* _Problem statement_: The expected output is every line of the data exactly as shown, minus the images.

* _Data block_:
__________

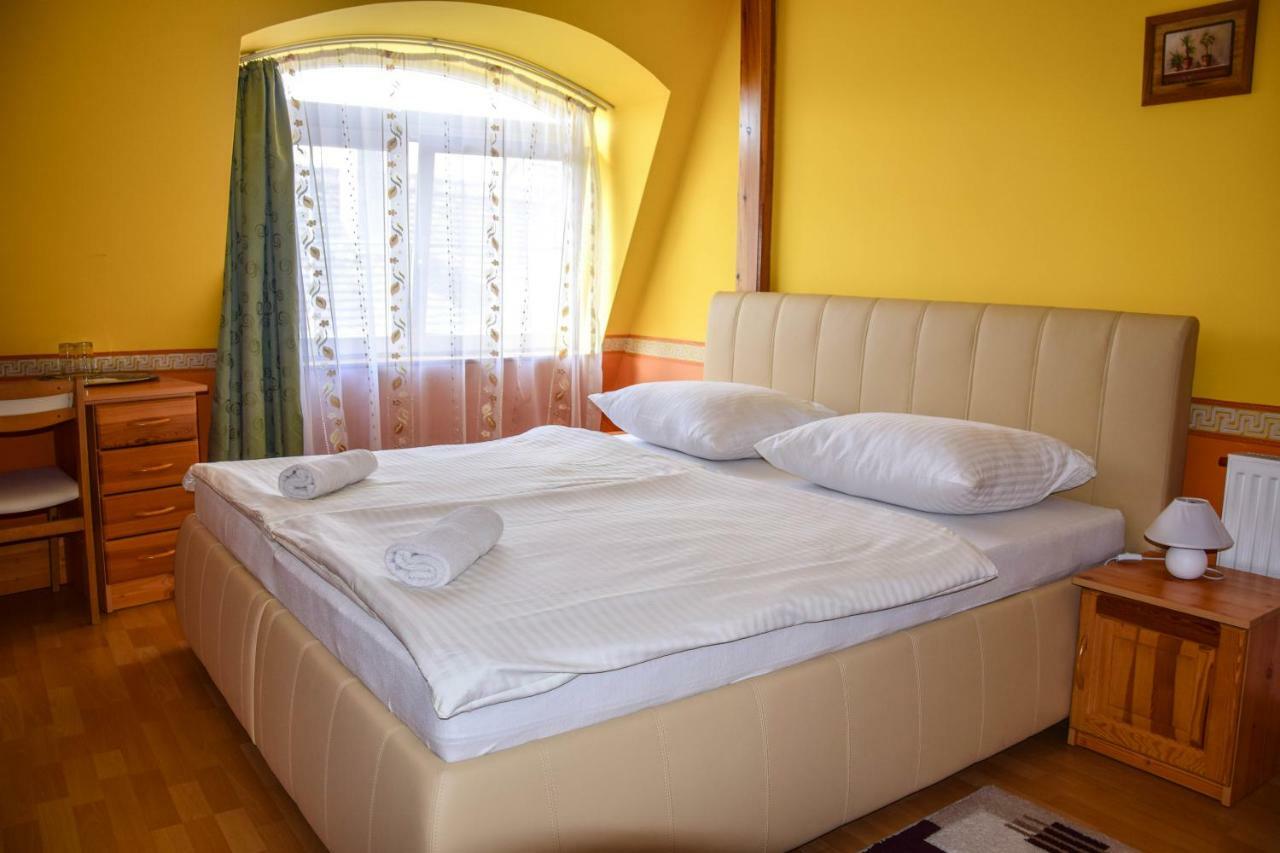 Ambrozia Guesthouse Надьканижа Экстерьер фото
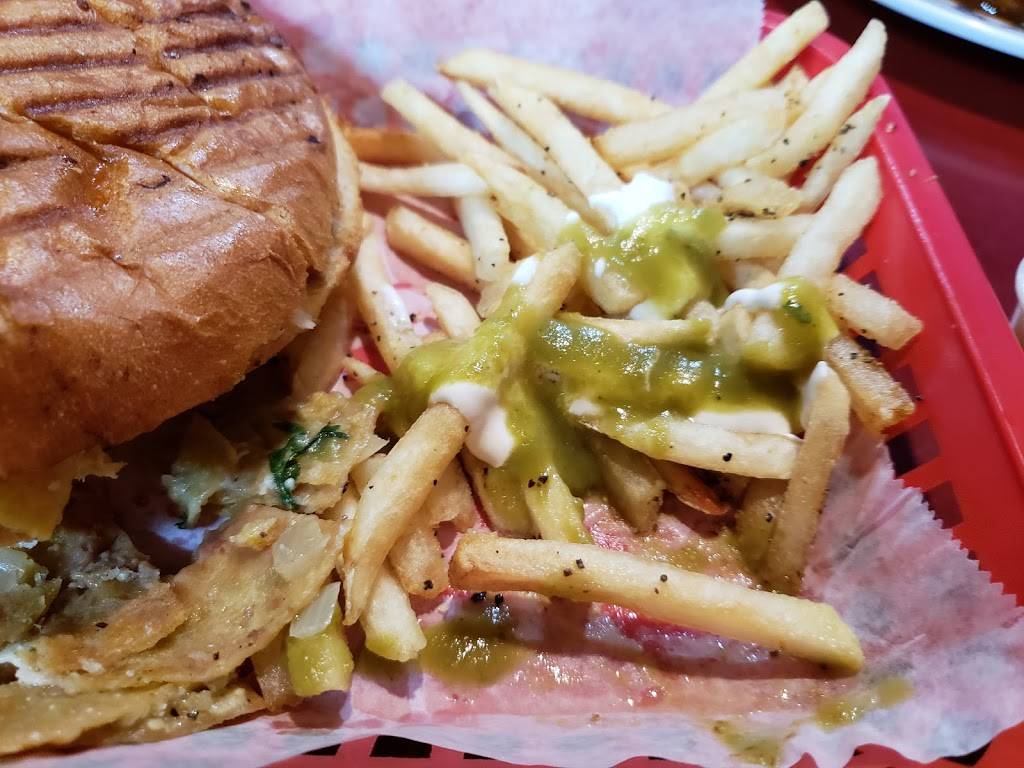 La Torteria y Mas | restaurant | 2717 Hillcrest Dr, San Antonio, TX 78228, USA | 2107585030 OR +1 210-758-5030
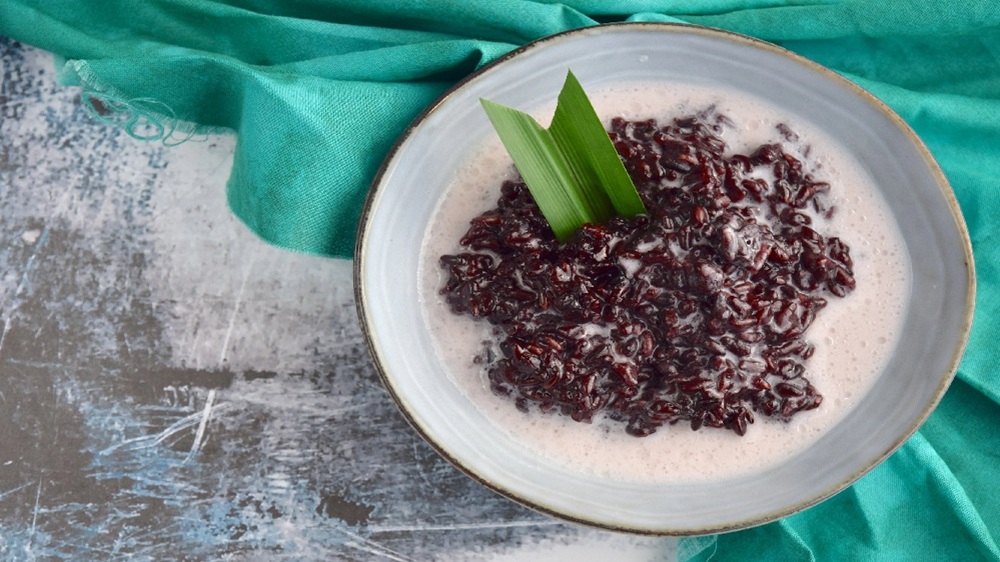 Ini Cara dan Resep Membuat Bubur Ketan Hitam yang Lezat, Dijamin Ketagihan!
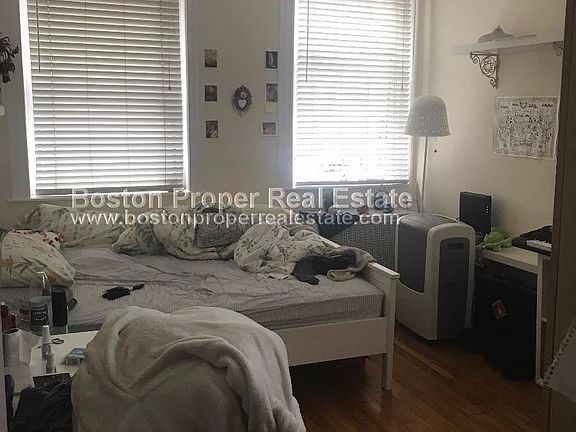 282 Newbury #6 Boston - Back Bay Unit Photo 2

__________

* _Task output_:
 Ambrozia Guesthouse Надьканижа Экстерьер фото
 La Torteria y Mas | restaurant | 2717 Hillcrest Dr, San Antonio, TX 78228, USA | 2107585030 OR +1 210-758-5030
 Ini Cara dan Resep Membuat Bubur Ketan Hitam yang Lezat, Dijamin Ketagihan!
 282 Newbury #6 Boston - Back Bay Unit Photo 2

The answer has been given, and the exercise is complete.